Paul Done's Technical Blog: 2018

Friday, April 13, 2018

MongoDB Graph Query Example, Inspired by Designing Data-Intensive Applications Book

Introduction

People who have worked with me recently are probably bored by me raving about how good this book is: Designing Data-Intensive Applications by Martin Kleppmann (O'Reilly, 2016). Suffice to say, if you are in IT and have any sort of interest in databases and/or data-driven applications, you should read this book. You will be richly rewarded for the effort.
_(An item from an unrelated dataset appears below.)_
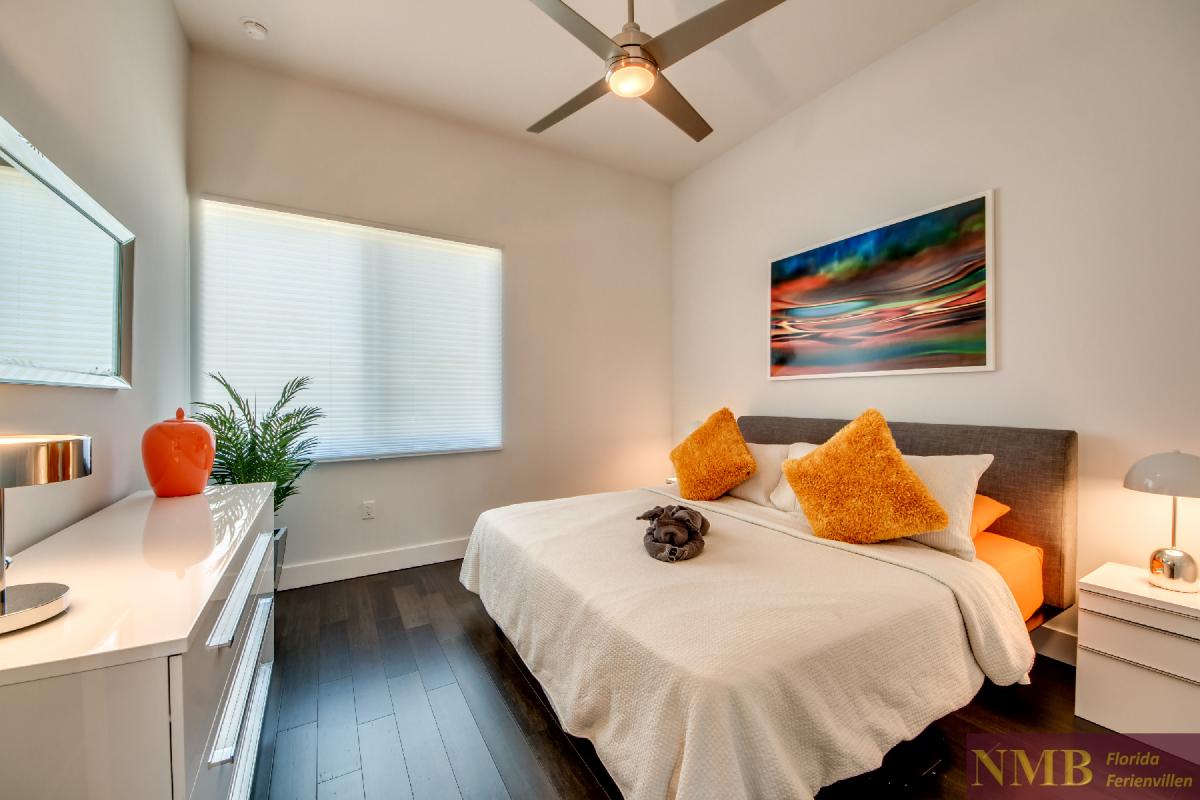 Vacation-Rental-Cape-Coral-Next-Level_2nd_Bedroom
In the second chapter of the book ('Data Models and Query Languages'), Martin has a section called 'Graph Like Data Models' which explores 'graph use cases' where many-to-many relationships are typically modelled with tree-like structures, with indeterminate numbers of inter-connections. The book section shows how a specific 'graph problem' can be solved by using a dedicated graph database technology with associated query language (Cypher) and by using an ordinary relational database with associated query language (SQL). One thing that quickly becomes evident, when reading this section of the book, is how difficult it is in a relational database to model complex many-to-many relationships. This may come as a surprise to some people. However, this is consistent with something I've subconsciously learnt over 20 years of using relational databases, which is, relationships ≠ relations, in the world of RDBMS.
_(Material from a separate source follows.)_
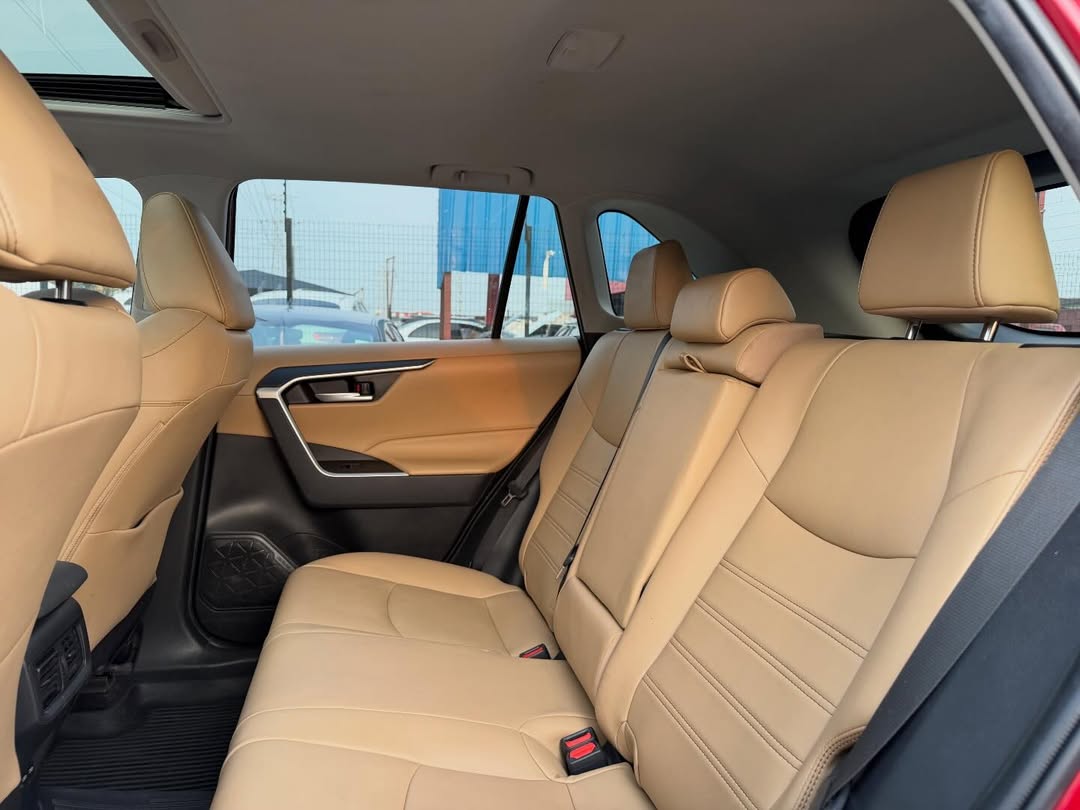 2025 Toyota RAV4 XLE: Duty-Paid & Ready for Adventure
The graph scenario illustrated in the book shows an example of two people, Lucy and Alain, who are married to each other, who are born in different places and who now live together in a third place. For clarity, I've included the diagram from the book, below, to best illustrate the scenario (annotated with the book's details, in red, for reference).

Throughout the book, numerous types of databases and data-stores are illustrated, compared and contrasted, including MongoDB in many places. However the book's section on graph models doesn't show how MongoDB can be used to solve the example graph scenario. Therefore, I thought I take this task on myself. Essentially, the premise is that there is a data-set of many people, with data on the place each person was born in and the place each person now lives in. Of course, any given place may be within a larger named place, which may in turn be within a larger named place, and so on, as illustrated in the diagram above. In the rest of this blog post I show one way that such data structures and relationships can be modelled in MongoDB and then leveraged by MongoDB's graph query capabilities (specifically using the graph lookup feature of MongoDB's Aggregation Framework). What will be demonstrated is how to efficiently answer the exam question posed by the book, namely: 'Find People Who Emigrated From US To Europe'.

Solving The Book's Graph Challenge With MongoDB

To demonstrate the use of MongoDB's Aggregation 'graph lookup' capability to answer the question 'Find People Who Emigrated From US To Europe', I've created the following two MongoDB collections, populated with data:

'persons' collection. Contains around one million randomly generated person records, where each person has 'born_in' and 'lives_in' attributes, which each reference a 'starting' place record in the places collection.
'places' collection. Contains hierarchical geographical places data, with the graph structure of: SUBDIVISIONS-->COUNTRIES-->SUBREGIONS-->CONTINENTS. Note: The granularity and hierarchy of the data-set is slightly different than illustrated in the book, due to the sources of geographical data I had available to cobble together.

Similar to the book's example, amongst the many 'persons' records stored in MongoDB data-set, are the following two records relating to 'Lucy' and 'Alain'.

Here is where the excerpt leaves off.